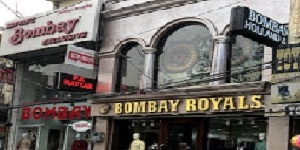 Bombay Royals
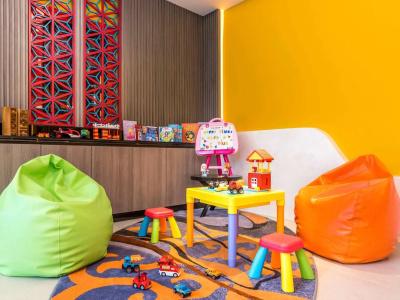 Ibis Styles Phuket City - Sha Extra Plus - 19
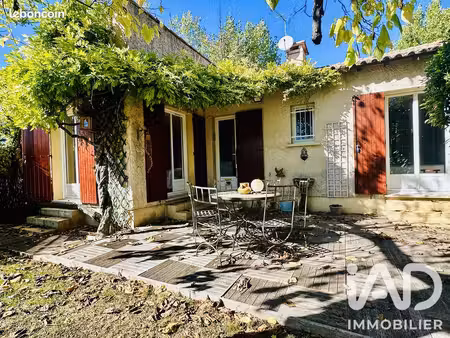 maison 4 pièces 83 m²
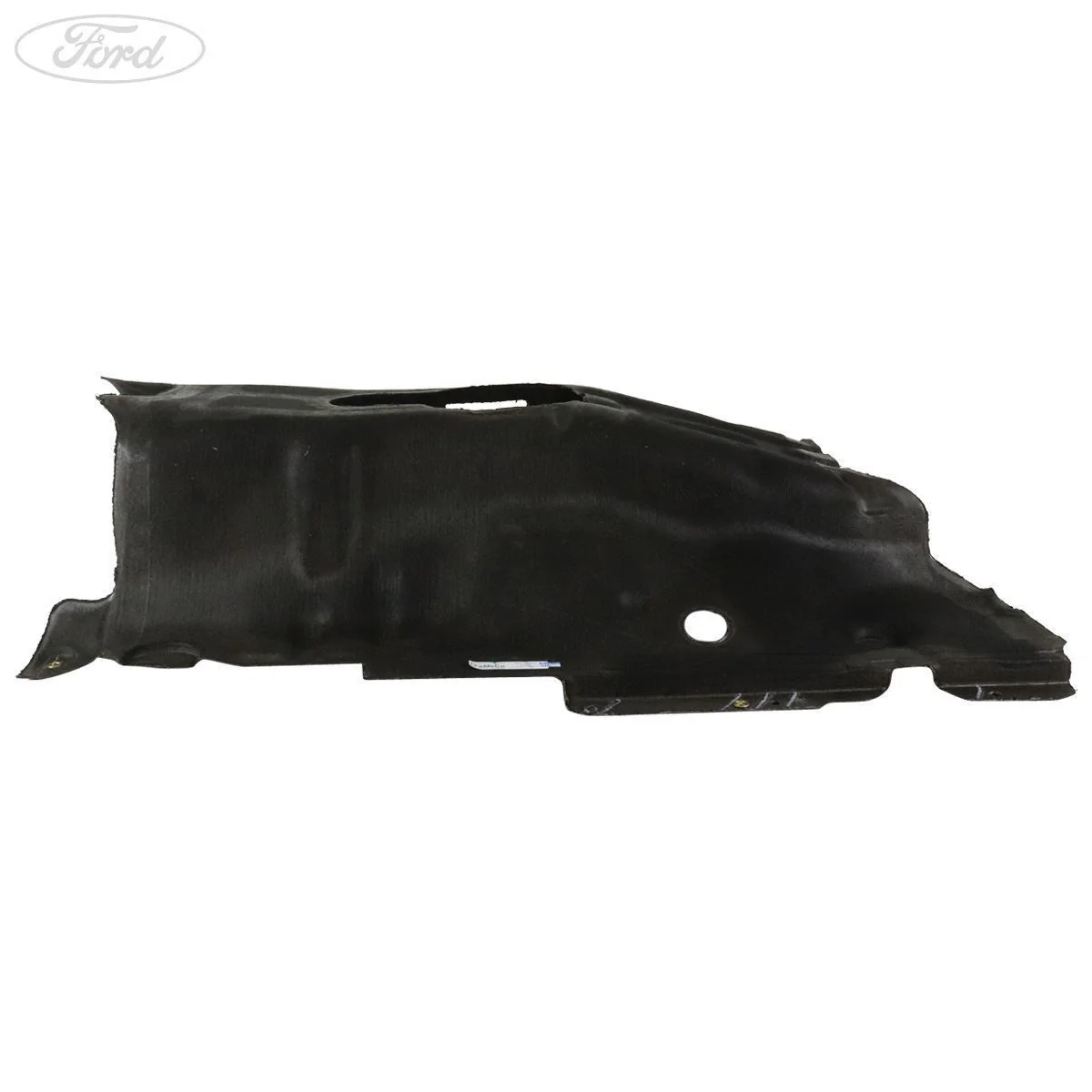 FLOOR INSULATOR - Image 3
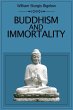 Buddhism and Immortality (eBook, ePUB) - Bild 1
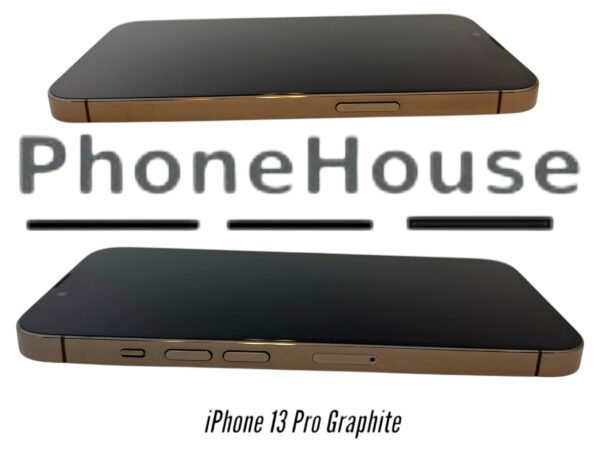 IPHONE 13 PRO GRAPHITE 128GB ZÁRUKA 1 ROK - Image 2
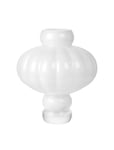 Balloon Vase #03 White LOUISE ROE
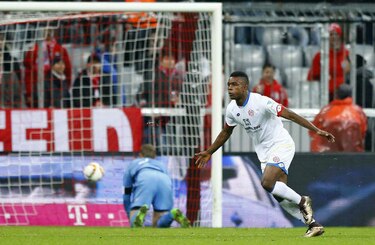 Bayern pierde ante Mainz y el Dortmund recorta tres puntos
======
## What you will do
With the pictures left out, output the lines from the one containing "Ibis Styles Phuket" through the last line of the records above, exactly as they are.

## Exercise answer
 Ibis Styles Phuket City - Sha Extra Plus - 19
 maison 4 pièces 83 m²
 FLOOR INSULATOR - Image 3
 Buddhism and Immortality (eBook, ePUB) - Bild 1
 IPHONE 13 PRO GRAPHITE 128GB ZÁRUKA 1 ROK - Image 2
 Balloon Vase #03 White LOUISE ROE
 Bayern pierde ante Mainz y el Dortmund recorta tres puntos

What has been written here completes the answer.